One of the city's newest historical sites, Heian Jingu was built in 1894 to mark the 1,100th anniversary of the founding of Kyoto. The shrine honors two emperors: Kammu (737-806), who founded the city in 794, and Komei (1831-66), the last emperor to live out his reign in Kyoto. The new buildings are for the most part replicas of the old Imperial Palace, at two-thirds the original size. Still, the dignity and the relative spacing of the East Hon-den and West Hon-den (the Main Halls), and the Daigoku-den (Great Hall of State), in which the Heian emperor would issue decrees, conjure up an image of how magnificent the Heian court must have been. During New Year's, kimono-clad and gray-suited Japanese come to pay homage, trampling over the imposing gravel forecourt leading to the Great Hall of Slate.
There are three stroll gardens at Heian Jingu positioned east, west, and north of the shrine itself. They follow the Heian aesthetic of focusing on a large pond, a rare feature at a Shinto shrine. The steps of the stepping-stone path that crosses the water are recycled pillars from a 16th-century bridge that spanned the Kamo-gawa before an earthquake destroyed it.

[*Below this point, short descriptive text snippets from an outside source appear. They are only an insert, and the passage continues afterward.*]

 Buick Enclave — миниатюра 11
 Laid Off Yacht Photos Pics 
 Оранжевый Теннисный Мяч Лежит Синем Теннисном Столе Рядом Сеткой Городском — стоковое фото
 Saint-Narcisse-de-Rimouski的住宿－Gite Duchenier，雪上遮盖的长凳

The best times to visit the shrine are when the cherry blossoms are in full bloom (usually early April) and on June 1 or 2 for the nighttime Takigi No performances, so named because they're lighted by takigi (burning firewood); they take place on a stage in front of the Great Hall of State. During the October 22 Jidai Festival, a pageant of 2,000 people attired in costumes from every period winds its way from the Imperial Palace and ends here. From the Dobutsu-en-mae bus stop, follow the street between the Kyoto Municipal Museum of Art and the National Museum of Modern Art directly to the shrine.